1. What is your day like working for the MSPCA?
I oversee and manage the departments within the Animal Protection Division, which include the Adoption Centers, Law Enforcement Department, and Advocacy Department.
2. How long have you been working for the MSPCA?
I’ve been working with the MSPCA for 20 years. (Yikes! that’s a long time!) Before my current position, I managed 3 of the Adoption Centers—5 years in Boston, 3 years in Brockton and 6 ½ years in Methuen.
3. Have you always wanted to do this type of work?
I really didn’t get “addicted” to this type of work until I was in college and started volunteering at my local Humane Society in Wisconsin. I fell in love with the work almost immediately. Volunteering turned into a part time animal care position, and when the Education Coordinator position became available I was offered…and accepted… it. It was in this position that I realized how much work there was to do for animals…and people… and knew it would become a career for me.
How have your duties and responsibilities changed going from working at a
single shelter to overseeing all of the shelters?
I’m not involved as much in the daily operations of an individual shelter.

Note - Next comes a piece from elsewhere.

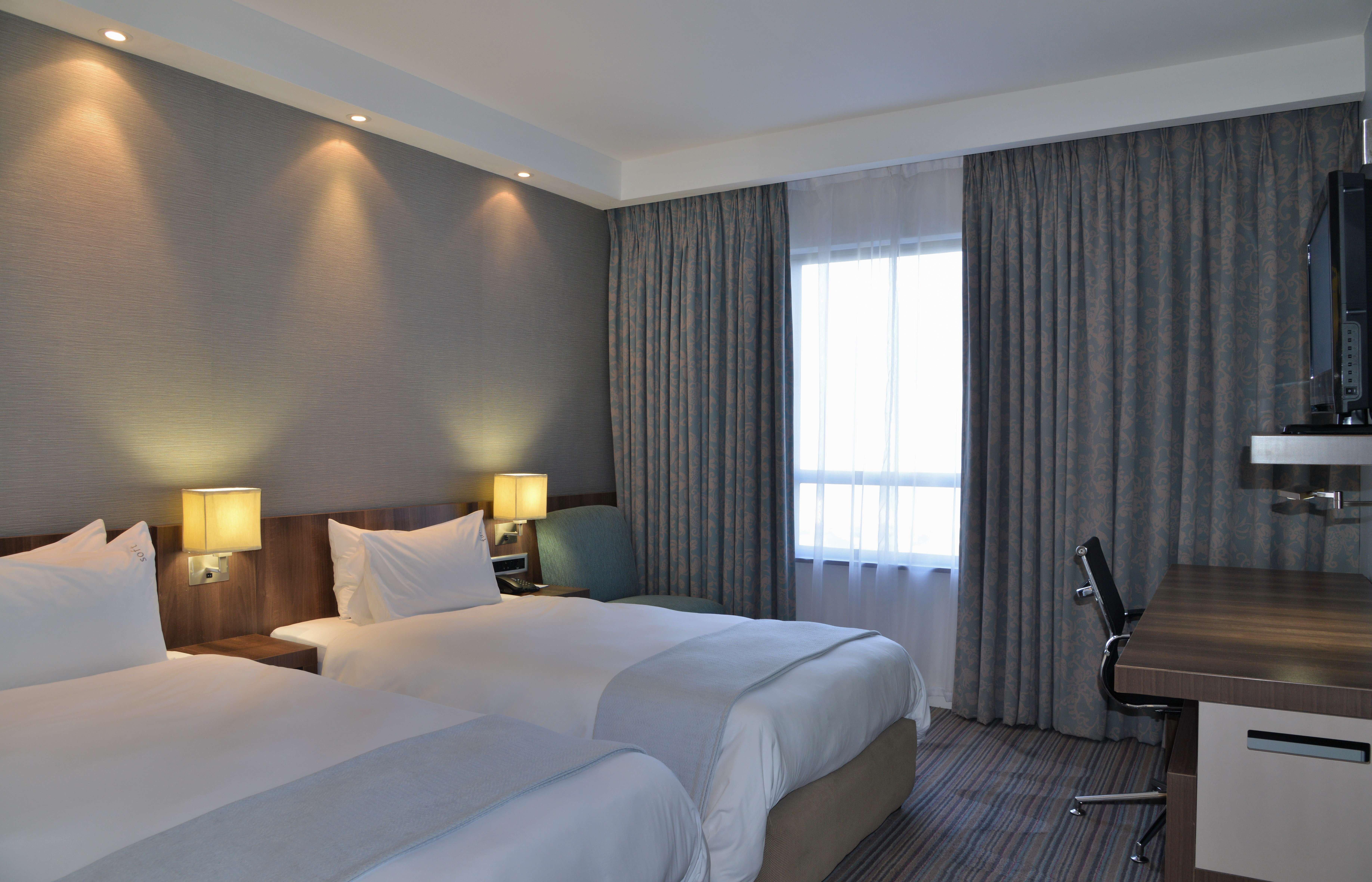 Holiday Inn Express Durban - Umhlanga By Ihg Экстерьер фото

I’m more responsible for developing and evaluating short and long range plans and goals for the Animal Protection Division, and I manage programs, budget, and personnel for the division.
5. What changes have you seen at the MSPCA since you began working there?

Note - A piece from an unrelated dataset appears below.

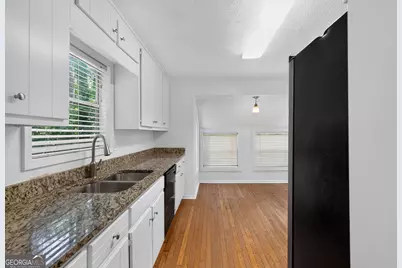 3724 Summit Drive NW, Acworth, GA 30101 - Photo 13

The most significant change over the past 20 years has been the number of animals that our Shelters have taken in and our adoption rates. In the early 90s, the MSPCA was taking in approximately 38,000 animals, and our overall adoption rate was 35- 40%. In 2009, we took in about 18,000 animals, and our adoption rate has increased to 72%. This is a result of a lot of community outreach, education, development of wonderful volunteer and foster care programs and implementation of affordable spay/neuter programs. A lot of people worked extremely hard over those years to make these changes happen. Even though we work on behalf of animals, this is really more about changing people’s attitude toward them….the need for responsible care and helping them to understand just how precious and special animals are in our lives.
6. In such a high leadership position, do you still get to interact with the animals at the shelters or is your work more about interacting with people?
My job definitely has become more administrative and definitely working more with people than when I managed a Shelter, but I make a point to regularly spend time in the shelters, working with staff and animals. It’s important for me to stay engaged in the “hands on” work to some degree. It is incredibly rewarding.
What’s the hardest part of your job?
We see a lot of sad things in our work…unwanted, neglected and abused animals…and it’s easy to get angry and frustrated with people. One of the hardest things for me both managing a shelter and in my current position is continuously keeping staff positive and constructive in dealing with people. If we can’t work well with people, we can’t work well for animals.
8. What’s the most rewarding part of your job?
The fact that we’re creating real change for animals…on all levels…every single day. Sometimes it’s as simple as pulling a warm blanket out of the dryer and giving it to a scared cat that just came into the shelter…or seeing an elderly dog that’s been in the adoption room for months finally walk out the door heading to his new home.
Sometimes it’s harder and takes longer… like working with others to find the resources to implement new programs that will benefit animals, but every day, we’re making a difference in an animal’s life….and that is genuinely rewarding.
9. How has the downturn of the economy affected the shelters?
The MSPCA had to close 3 of our Adoption Centers in the past year because of the poor economy. That was extremely difficult, but there is some good news. We worked very hard with people in those communities that were affected and helped them to develop new local non-profit organizations that now have taken over those shelters’ operations. They are still using the MSPCA buildings so animals continue to be helped and people continue to have a resource in those communities.
10. What kind of special education or training do people need to do what you do?
A bachelor degree in Science, Education, Business or related field is recommended Strong management, development, and organizational skills are important…and necessary, but I think the most important quality needed to work in animal welfare is interpersonal skills…genuinely wanting to work with people in order to help animals.
Do you have any pets?
I have an extremely cute yellow lab mix that came into the Boston Shelter as a stray several years ago. Her name is Dandy and she is about 8 years old. I also have 3 cats. Tim and Smudge were adopted from the Methuen Shelter many years ago. They are older, but healthy and happy. Avery was adopted from the Boston Shelter about 6 years ago. He’s 13 and is a tad overweight…he’s constantly on a diet!
12. What do you think about pit bulls wearing fashionable pink sweaters (ie. Comet of Comet’s Corner)?
I think fashionable sweaters are awesome for pit bulls, however, I do believe there are far more appropriate colors than pink. I think if Comet had all the colors in the world to choose from she’d go with a warm pastel sea green or a robin’s egg blue….or perhaps even a candy apple red!